Directed by:John Singleton
In 1991, a young African-American writer/director by the name of John Singleton gave Hollywood audiences a bracing and tragic taste of Los Angles ghetto life with his first movie, Boyz in the Hood. His next six films were a curious mixture of melodrama, (Higher Learning) black history (Rosewood) and main-stream crime drama (Shaft) none of which came close to displaying the promise of his maiden effort. Singleton will surely do well economically with this urban re-make of John Wayne’s Sons of Katie Elder, but it won’t do anything for his reputation; Brothers is a hackneyed return to the “blacksploitation” genre of the 1960’s and its expletive-laden script, (co-authored by David Elliot and Paul Lovett) sadly demonstrates that our culture’s obsession with racial and sexual stereotypes continues to permit mainstream movies to present as acceptable and honorable an offensive amount of verbal bigotry.

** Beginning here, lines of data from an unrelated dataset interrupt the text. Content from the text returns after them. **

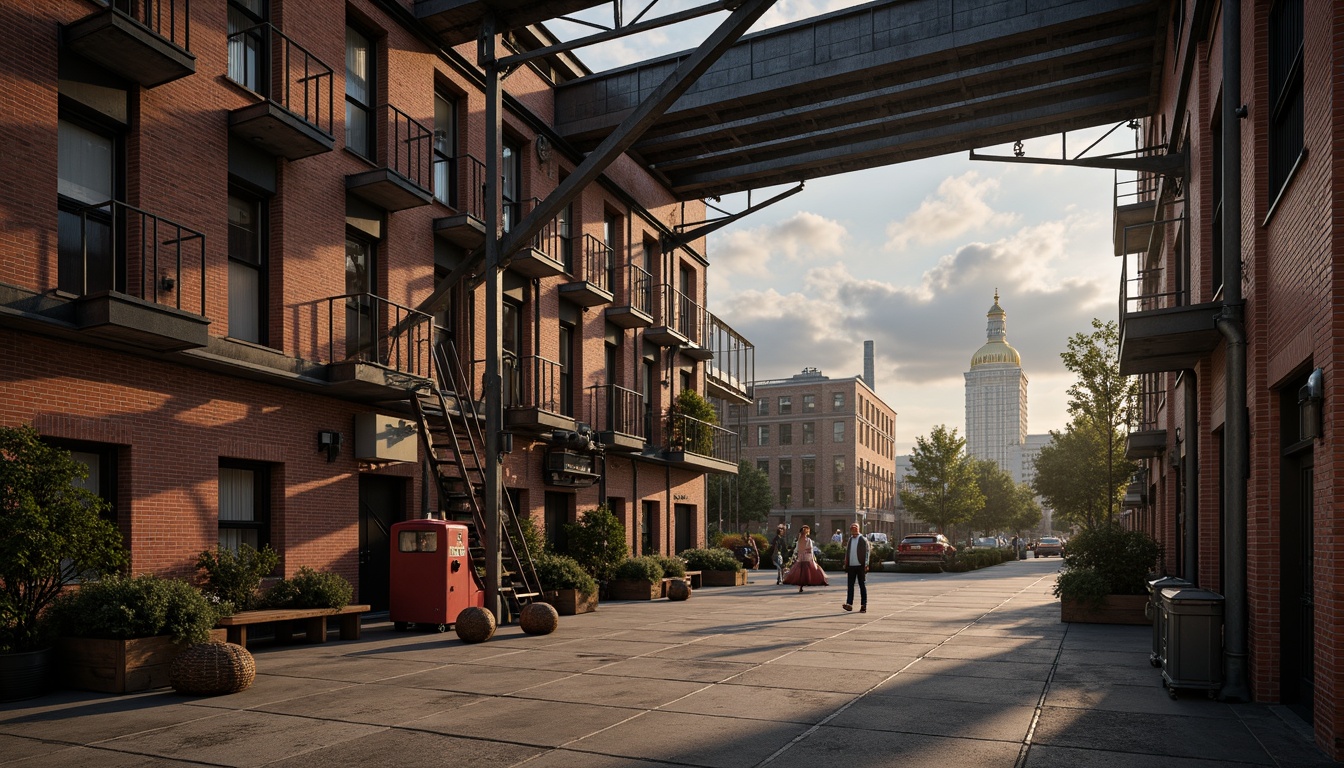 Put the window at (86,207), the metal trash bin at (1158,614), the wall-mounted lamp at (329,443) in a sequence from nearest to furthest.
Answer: the metal trash bin at (1158,614) → the window at (86,207) → the wall-mounted lamp at (329,443)

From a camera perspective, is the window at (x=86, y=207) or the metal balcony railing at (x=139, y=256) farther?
the metal balcony railing at (x=139, y=256)

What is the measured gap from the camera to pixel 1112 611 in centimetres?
1633

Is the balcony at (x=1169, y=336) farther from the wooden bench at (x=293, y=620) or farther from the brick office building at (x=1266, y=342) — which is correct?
the wooden bench at (x=293, y=620)

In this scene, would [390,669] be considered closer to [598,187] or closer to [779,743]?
[779,743]

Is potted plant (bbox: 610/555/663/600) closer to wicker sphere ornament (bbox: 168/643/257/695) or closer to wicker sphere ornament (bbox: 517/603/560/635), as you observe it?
wicker sphere ornament (bbox: 517/603/560/635)

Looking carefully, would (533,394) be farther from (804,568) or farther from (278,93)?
(804,568)

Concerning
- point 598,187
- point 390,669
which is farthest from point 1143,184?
point 390,669

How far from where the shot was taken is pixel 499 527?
15266 millimetres

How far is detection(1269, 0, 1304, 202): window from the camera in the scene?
28.9 feet

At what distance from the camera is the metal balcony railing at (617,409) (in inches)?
971

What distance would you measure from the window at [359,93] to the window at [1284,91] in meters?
13.0

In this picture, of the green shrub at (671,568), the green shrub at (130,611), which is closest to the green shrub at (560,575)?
the green shrub at (671,568)

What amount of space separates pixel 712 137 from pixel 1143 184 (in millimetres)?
11643

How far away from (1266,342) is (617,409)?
17799 millimetres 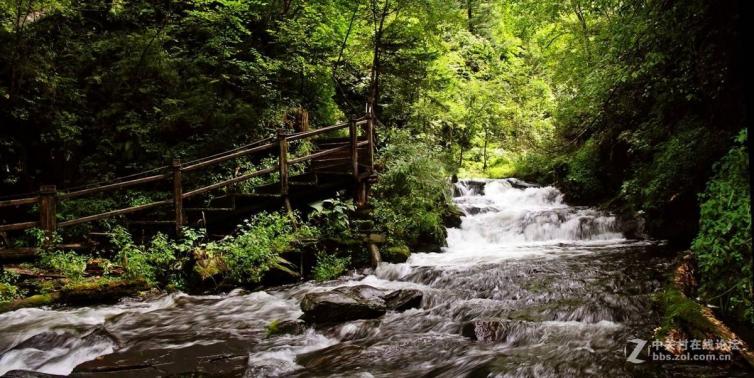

Using Detroit’s gritty streets quite effectively as the setting for his story, Singleton traces the violent death of an innocent foster mother and its subsequent investigation by four of her now-grown foster children. As played by Mark Wahlberg, Tyrese Gibson, Andre Benjamin and Garret Hedlund, this quartet of former/present miscreants manages to cover all the action-flick cliché like a glove; a tough guy with a violent temper who’s the team’s driving force, a handsome black man so sexually potent that women can’t help coming on to him, a weakling (translation: gay) who suffers terribly at the hands of various street punks and criminals and finally, (as a sop to the politically correct) a hard working black family man who’s reluctant to get involved in the thoroughly illegal methods the other three employ to uncover those responsible for the murder and extract their revenge.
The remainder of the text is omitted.